What to work on: Your answer must be an exact copy of the records below, minus the pictures.

[Web page caption snippets]
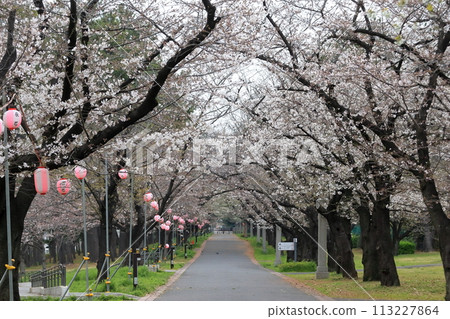 辰巳之森綠道公園的櫻花樹（東京都江東區） 113227864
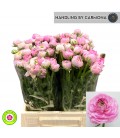 Renoncule EL PInk 46 Cm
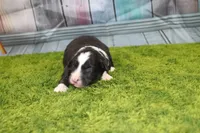 Delta, a female Australian Shepherd for sale in Fair Play, MO – Photo 1 of 10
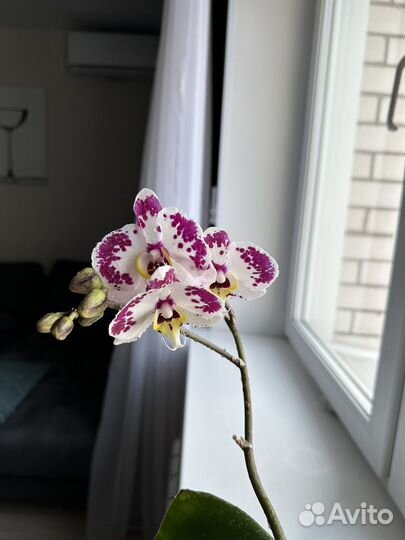 Орхидея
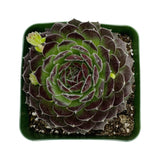 Sempervivum Melanie
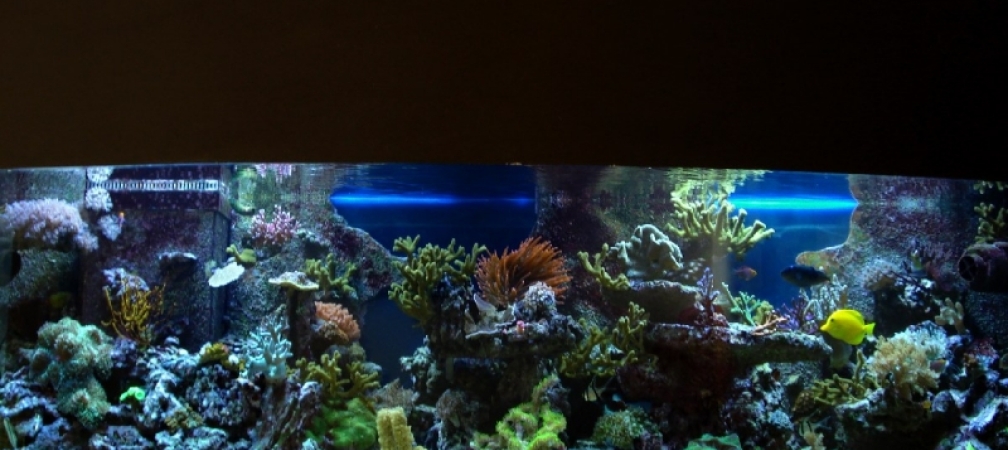 Morgenröte!!! Morgenröte!!!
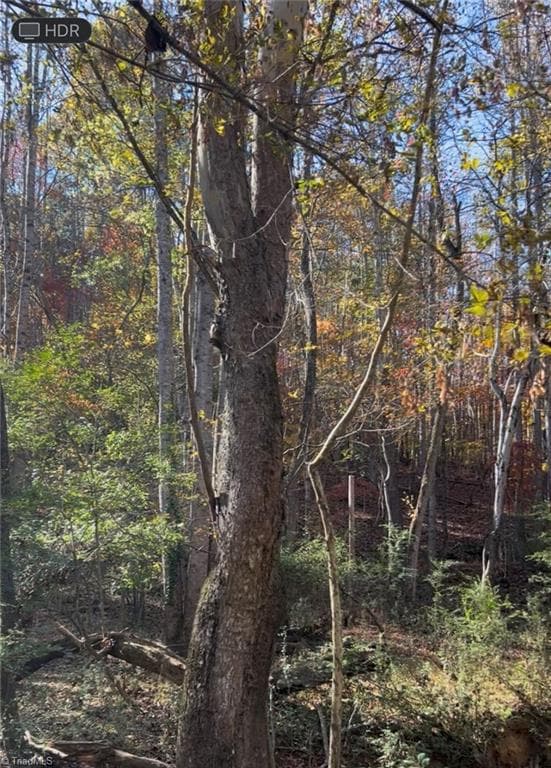 Unimproved Land at 0 Snuggs Park Road, Albemarle NC 28001, Albemarle, photo 2 of 2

Solution for this task:
 辰巳之森綠道公園的櫻花樹（東京都江東區） 113227864
 Renoncule EL PInk 46 Cm
 Delta, a female Australian Shepherd for sale in Fair Play, MO – Photo 1 of 10
 Орхидея
 Sempervivum Melanie
 Morgenröte!!! Morgenröte!!!
 Unimproved Land at 0 Snuggs Park Road, Albemarle NC 28001, Albemarle, photo 2 of 2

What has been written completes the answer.